§ **Directions**: The pictures stay out. Please retype every line below exactly.

┌────────

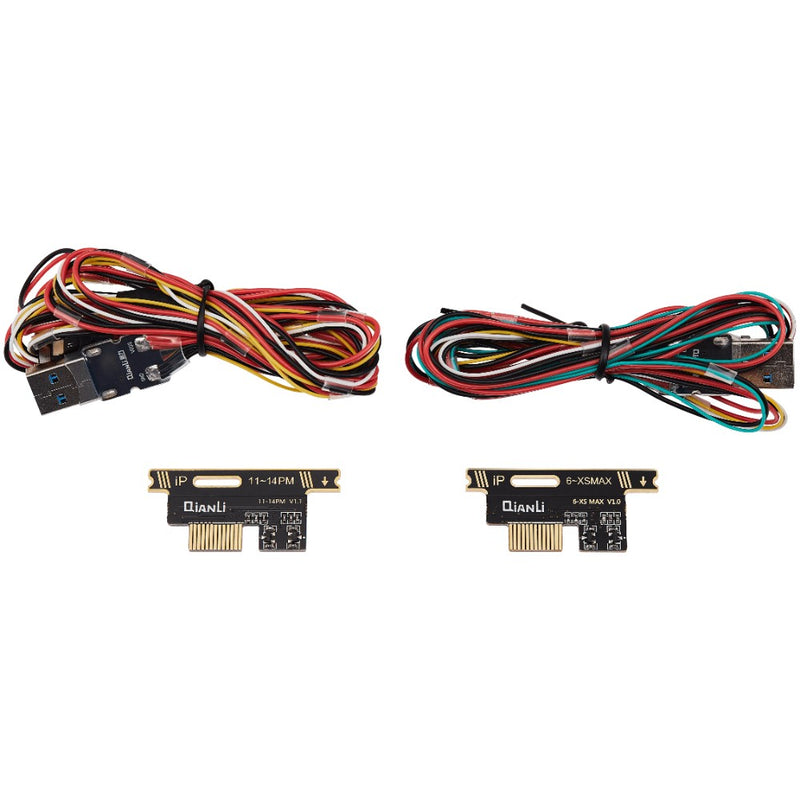 Cargue la imagen en el visor de la galería, Qianli LT2 Individual DC Power Supply Unit with Diagnosis Meter for iPhone 6 to 14 Series - Polar Tech Australia
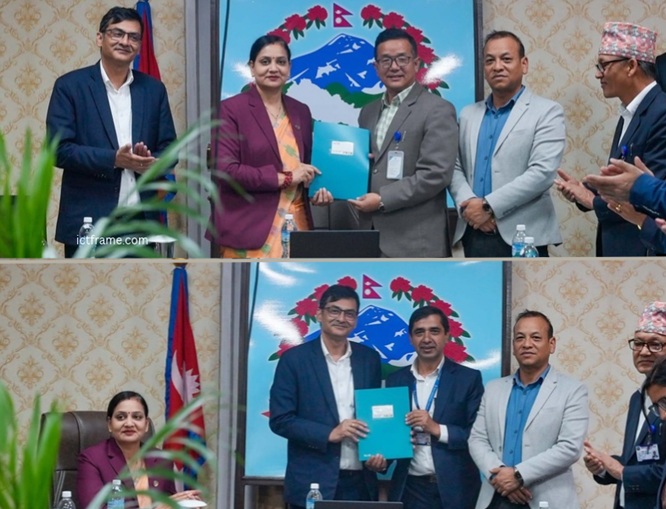 स्वास्थ्य सेवा सुधारका लागि ६ प्रतिष्ठान र १९ सङ्घीय अस्पतालसँग कार्यसम्पादन सम्झौता
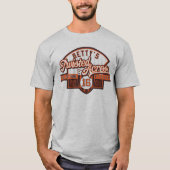 HOF16 Baseball-Shirt T-Shirt (Vorderseite)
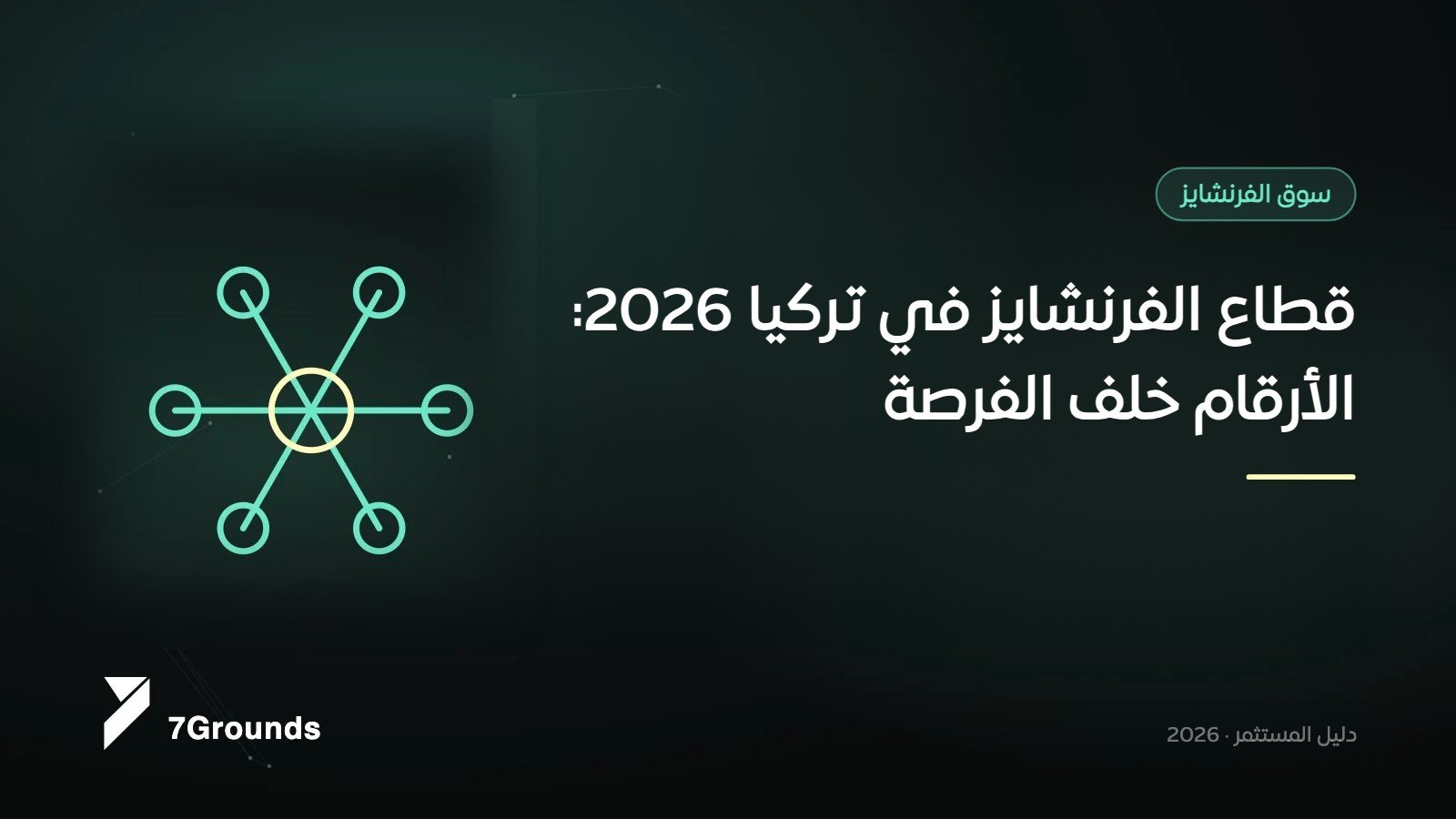 Türkiye's Franchise Sector in 2026: The Numbers Behind the Opportunity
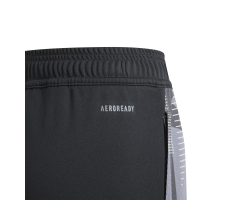 ADIDAS TIRO24 C TR PANT JR. - BLACK/TMDRGR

└────────

§ **Worked solution**:
 Cargue la imagen en el visor de la galería, Qianli LT2 Individual DC Power Supply Unit with Diagnosis Meter for iPhone 6 to 14 Series - Polar Tech Australia
 स्वास्थ्य सेवा सुधारका लागि ६ प्रतिष्ठान र १९ सङ्घीय अस्पतालसँग कार्यसम्पादन सम्झौता
 HOF16 Baseball-Shirt T-Shirt (Vorderseite)
 Türkiye's Franchise Sector in 2026: The Numbers Behind the Opportunity
 ADIDAS TIRO24 C TR PANT JR. - BLACK/TMDRGR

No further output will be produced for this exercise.